* **Description of the task**:
Write out, word for word, every line in the data below from the one containing "Porta Chave de" to the one containing "Certified 2021 Toyota", both of them included.

====== Exercise input ======

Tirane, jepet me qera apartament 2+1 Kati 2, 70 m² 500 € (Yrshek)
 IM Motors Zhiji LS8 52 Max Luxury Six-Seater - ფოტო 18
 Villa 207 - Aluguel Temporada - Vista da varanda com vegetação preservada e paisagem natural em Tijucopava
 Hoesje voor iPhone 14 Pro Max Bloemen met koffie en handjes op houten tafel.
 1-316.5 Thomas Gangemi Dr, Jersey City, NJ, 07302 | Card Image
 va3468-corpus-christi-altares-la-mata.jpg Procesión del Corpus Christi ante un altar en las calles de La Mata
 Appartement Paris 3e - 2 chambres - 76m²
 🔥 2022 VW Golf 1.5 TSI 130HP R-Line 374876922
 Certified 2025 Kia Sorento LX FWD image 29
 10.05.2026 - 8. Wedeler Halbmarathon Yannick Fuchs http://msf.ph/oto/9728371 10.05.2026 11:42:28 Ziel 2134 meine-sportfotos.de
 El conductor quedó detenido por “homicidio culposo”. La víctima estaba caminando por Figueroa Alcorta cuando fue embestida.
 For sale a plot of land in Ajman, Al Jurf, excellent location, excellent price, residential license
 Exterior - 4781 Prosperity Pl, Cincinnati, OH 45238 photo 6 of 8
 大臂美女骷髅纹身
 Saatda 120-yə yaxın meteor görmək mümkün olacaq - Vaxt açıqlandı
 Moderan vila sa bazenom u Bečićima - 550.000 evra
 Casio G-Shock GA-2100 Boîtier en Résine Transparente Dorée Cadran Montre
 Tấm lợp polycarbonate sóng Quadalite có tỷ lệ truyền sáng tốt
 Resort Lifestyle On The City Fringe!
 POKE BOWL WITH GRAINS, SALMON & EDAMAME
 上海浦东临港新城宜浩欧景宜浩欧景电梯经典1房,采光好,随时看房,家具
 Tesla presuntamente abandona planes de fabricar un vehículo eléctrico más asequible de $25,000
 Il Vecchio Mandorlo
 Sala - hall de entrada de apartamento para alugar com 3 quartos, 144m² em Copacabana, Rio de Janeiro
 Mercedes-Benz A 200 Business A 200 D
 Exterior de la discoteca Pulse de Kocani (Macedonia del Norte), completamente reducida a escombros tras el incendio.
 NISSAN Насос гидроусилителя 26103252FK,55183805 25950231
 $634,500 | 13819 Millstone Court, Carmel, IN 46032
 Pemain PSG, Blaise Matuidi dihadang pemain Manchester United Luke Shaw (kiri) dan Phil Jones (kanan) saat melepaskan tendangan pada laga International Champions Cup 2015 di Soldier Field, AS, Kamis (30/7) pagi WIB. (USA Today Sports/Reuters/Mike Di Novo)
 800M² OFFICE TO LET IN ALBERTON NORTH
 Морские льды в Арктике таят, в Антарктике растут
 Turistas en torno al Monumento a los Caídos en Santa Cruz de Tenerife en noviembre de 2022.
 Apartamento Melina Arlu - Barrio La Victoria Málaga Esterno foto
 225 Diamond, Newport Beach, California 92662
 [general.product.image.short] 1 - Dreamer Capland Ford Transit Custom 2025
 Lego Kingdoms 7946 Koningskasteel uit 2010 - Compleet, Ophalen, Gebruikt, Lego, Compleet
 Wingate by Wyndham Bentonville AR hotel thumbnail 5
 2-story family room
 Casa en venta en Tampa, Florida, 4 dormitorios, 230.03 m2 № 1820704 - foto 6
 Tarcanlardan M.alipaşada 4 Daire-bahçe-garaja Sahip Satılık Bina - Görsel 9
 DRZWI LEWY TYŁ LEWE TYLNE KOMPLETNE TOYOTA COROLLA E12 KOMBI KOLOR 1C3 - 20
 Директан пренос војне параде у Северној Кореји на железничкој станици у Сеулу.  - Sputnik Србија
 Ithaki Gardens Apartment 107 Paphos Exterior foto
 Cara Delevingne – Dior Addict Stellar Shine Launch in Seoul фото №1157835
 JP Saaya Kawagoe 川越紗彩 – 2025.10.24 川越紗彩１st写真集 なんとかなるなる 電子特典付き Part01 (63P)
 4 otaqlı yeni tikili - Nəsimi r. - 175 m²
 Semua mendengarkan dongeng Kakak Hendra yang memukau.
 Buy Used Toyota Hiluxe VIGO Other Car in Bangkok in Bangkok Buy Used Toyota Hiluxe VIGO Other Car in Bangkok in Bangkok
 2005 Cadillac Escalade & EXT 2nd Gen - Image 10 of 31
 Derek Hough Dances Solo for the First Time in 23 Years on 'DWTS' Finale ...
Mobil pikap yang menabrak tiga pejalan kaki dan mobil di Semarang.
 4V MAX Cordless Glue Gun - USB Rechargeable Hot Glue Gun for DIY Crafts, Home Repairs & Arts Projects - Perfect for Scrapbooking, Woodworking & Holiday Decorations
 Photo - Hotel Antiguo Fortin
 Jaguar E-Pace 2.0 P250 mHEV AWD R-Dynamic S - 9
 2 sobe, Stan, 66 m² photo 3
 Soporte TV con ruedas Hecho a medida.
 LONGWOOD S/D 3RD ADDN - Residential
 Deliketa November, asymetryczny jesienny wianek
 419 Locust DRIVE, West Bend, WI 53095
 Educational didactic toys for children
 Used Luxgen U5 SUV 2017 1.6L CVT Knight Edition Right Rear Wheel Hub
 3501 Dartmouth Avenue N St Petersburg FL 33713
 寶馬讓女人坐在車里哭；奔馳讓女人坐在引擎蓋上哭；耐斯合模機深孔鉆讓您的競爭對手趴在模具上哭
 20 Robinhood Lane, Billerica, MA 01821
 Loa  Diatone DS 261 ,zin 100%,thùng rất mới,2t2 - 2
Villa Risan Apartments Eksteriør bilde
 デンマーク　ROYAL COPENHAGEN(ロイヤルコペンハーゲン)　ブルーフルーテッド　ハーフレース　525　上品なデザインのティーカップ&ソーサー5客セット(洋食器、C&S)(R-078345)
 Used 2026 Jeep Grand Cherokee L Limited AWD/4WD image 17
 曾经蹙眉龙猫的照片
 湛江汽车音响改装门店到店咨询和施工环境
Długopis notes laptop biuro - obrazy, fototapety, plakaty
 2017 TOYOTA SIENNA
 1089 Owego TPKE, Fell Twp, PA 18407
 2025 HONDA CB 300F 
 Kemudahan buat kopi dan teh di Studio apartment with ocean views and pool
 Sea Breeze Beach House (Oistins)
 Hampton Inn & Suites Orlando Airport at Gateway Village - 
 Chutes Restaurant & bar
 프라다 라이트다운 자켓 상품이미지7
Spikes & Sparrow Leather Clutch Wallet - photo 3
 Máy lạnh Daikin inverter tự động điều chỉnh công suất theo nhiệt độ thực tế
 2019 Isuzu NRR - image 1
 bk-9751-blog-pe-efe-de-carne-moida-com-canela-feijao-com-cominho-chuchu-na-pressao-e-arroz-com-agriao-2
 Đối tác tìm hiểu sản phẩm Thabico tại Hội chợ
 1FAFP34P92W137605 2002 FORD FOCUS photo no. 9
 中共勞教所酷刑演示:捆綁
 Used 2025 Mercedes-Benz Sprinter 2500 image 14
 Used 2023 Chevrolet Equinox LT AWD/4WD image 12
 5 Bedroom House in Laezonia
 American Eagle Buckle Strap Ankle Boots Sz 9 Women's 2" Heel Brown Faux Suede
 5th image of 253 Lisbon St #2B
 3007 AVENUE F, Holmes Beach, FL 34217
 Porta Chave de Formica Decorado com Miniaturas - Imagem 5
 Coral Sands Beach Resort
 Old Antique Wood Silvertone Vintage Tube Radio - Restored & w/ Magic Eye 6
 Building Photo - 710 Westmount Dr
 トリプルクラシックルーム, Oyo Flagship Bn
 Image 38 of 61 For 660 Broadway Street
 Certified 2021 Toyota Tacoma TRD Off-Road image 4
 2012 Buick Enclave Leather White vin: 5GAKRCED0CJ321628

======

* **Solution to this problem**:
 Porta Chave de Formica Decorado com Miniaturas - Imagem 5
 Coral Sands Beach Resort
 Old Antique Wood Silvertone Vintage Tube Radio - Restored & w/ Magic Eye 6
 Building Photo - 710 Westmount Dr
 トリプルクラシックルーム, Oyo Flagship Bn
 Image 38 of 61 For 660 Broadway Street
 Certified 2021 Toyota Tacoma TRD Off-Road image 4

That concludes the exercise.